Quando procuramos alguma informação acerca de como exercer a nossa parentalidade, até porque sentimos que estamos a ter alguns problemas. Seja na internet ou em algum manual da área. Mas também quando os familiares ou amigos decidem opinar sobre a boa parentalidade, geralmente lemos ou ouvimos coisas como: a pessoa deve ser um modelo positivo para os seus filhos e outros pais, oferecer um apoio afectuoso e amoroso, fazendo escolhas de vida que não impedem o desenvolvimento emocional, social e físico da criança proporcionando estabilidade, nutrição, e estreita supervisão. Lembro-me que quando dizia algo semelhante depois de ter saído da faculdade, ouvia alguns amigos já com filhos dizerem-me - Quando depois fores pai logo falamos melhor! Alternativamente a esta visão temos abordagens parentais inconsistentes e imprevisíveis que são frequentemente referidas como elementos de uma má parentalidade. Com evidências cientificas a demonstrar que este estilo acarreta consequências e impacto negativos no desenvolvimento e funcionamento cognitivo, compreensão e gestão das emoções e, finalmente, saúde mental e comportamento. Da mesma forma, as expectativas de práticas parentais podem ser ainda mais complicadas e influenciadas por valores e práticas culturais e subculturais, bem como por atitudes sociais e (intergeracionais) quanto ao que constitui uma boa e má parentalidade.

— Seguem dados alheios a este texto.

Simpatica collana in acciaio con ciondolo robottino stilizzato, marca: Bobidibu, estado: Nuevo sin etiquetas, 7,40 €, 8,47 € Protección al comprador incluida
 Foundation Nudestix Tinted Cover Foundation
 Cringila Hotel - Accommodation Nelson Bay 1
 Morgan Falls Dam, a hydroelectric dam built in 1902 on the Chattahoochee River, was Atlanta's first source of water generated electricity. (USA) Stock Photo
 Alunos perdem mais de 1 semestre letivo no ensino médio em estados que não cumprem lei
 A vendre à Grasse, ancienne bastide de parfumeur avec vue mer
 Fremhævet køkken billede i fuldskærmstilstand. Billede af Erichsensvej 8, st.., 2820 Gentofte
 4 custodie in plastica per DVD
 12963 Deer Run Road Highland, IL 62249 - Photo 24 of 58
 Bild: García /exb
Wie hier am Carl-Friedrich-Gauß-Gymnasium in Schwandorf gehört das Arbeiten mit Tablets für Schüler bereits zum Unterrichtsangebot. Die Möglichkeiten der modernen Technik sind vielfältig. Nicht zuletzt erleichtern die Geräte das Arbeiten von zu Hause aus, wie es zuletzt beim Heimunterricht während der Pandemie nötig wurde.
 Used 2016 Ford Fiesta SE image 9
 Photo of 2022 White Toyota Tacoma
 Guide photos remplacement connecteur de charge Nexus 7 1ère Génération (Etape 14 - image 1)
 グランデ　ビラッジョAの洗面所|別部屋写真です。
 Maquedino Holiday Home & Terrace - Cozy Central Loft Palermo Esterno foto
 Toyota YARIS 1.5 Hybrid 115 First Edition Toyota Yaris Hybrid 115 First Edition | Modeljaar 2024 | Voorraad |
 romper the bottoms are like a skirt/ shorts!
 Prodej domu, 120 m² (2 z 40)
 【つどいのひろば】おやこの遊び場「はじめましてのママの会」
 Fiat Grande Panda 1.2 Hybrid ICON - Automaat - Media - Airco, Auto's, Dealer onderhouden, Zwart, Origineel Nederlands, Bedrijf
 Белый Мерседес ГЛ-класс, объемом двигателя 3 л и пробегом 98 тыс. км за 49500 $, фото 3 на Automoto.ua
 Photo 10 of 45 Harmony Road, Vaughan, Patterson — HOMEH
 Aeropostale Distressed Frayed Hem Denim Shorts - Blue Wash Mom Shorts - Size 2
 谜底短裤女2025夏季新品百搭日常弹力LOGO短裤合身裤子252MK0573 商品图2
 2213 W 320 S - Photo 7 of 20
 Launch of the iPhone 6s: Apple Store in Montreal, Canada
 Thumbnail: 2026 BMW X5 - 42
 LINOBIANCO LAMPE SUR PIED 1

Quando entramos no autismo a nossa vida tal qual a pensávamos conhecer muda!, diz Clara (nome fictício) mãe com uma filha autista. Isto se já não for diferente desde sempre!, responde-lhe Joana (nome fictício), mãe autista com um filho autista. Bem, as coisas boas sobre ser mãe é o amor absoluto que recebemos dos nossos filhos e o amor que lhes damos e o que podemos partilhar com eles, refere Catarina (nome fictício), mãe de duas raparigas autistas. Para mim será fundamental certificar-me que eles distinguem o certo do errado e estão seguros, e não se metem em problemas. Apoia-los nas coisas que eles querem fazer. Poder envolver-me coisas que eles querem fazer, como nadar ou qualquer coisa que eles queiram fazer. Cuidar deles, certificando-me de que eles têm o que precisam e vão para a escola, refere Telma (nome fictício) que está grávida de fim de tempo e o seu marido é autista. Algumas das mães sorriem, porventura com alguma condescendência e compreensão do que Telma disse. Eu fico muito feliz com a forma como os seus cérebros funcionam. Lá em casa nós desfizemos o dia e as situações e resolvemos isso juntos, refere Bárbara (nome fictício) com dois filhos autistas. Quando você está a criar os seus próprios filhos e a ver todas essas coisas a acontecer, isso também alimenta você e faz você querer ser, faz você querer fazer melhor, diz Júlia (nome fictício) mãe de um adolescente autista. Eu tenho muitos problemas sensoriais relacionadas com a comida e estou a ter que ter quase os meus próprios pequenos colapsos para lhe preparar a comida todos os dias, diz Anabela (nome fictício) mãe autista de três filhos sendo um deles autista. As coisas da escola foram um pesadelo porque me obrigou a ter de contactar com outros pais. E eu sentia que os tinha que evitar como uma praga porque não queria falar com eles. Até porque eles estavam sempre a improvisar, diz Cláudia (nome fictício) mãe de uma rapariga autista. Basta conhecer o seu filho. E conhecê-lo como uma pessoa e lidar com as suas coisas, não com tudo que você lê em um livro, refere Cátia (nome fictício), mãe de um rapaz autista não verbal.
Uma coisa todas elas acabaram por concordar - O que eu gostava mesmo é que as pessoas tivessem mais tolerância e não se apressassem a nos julgar!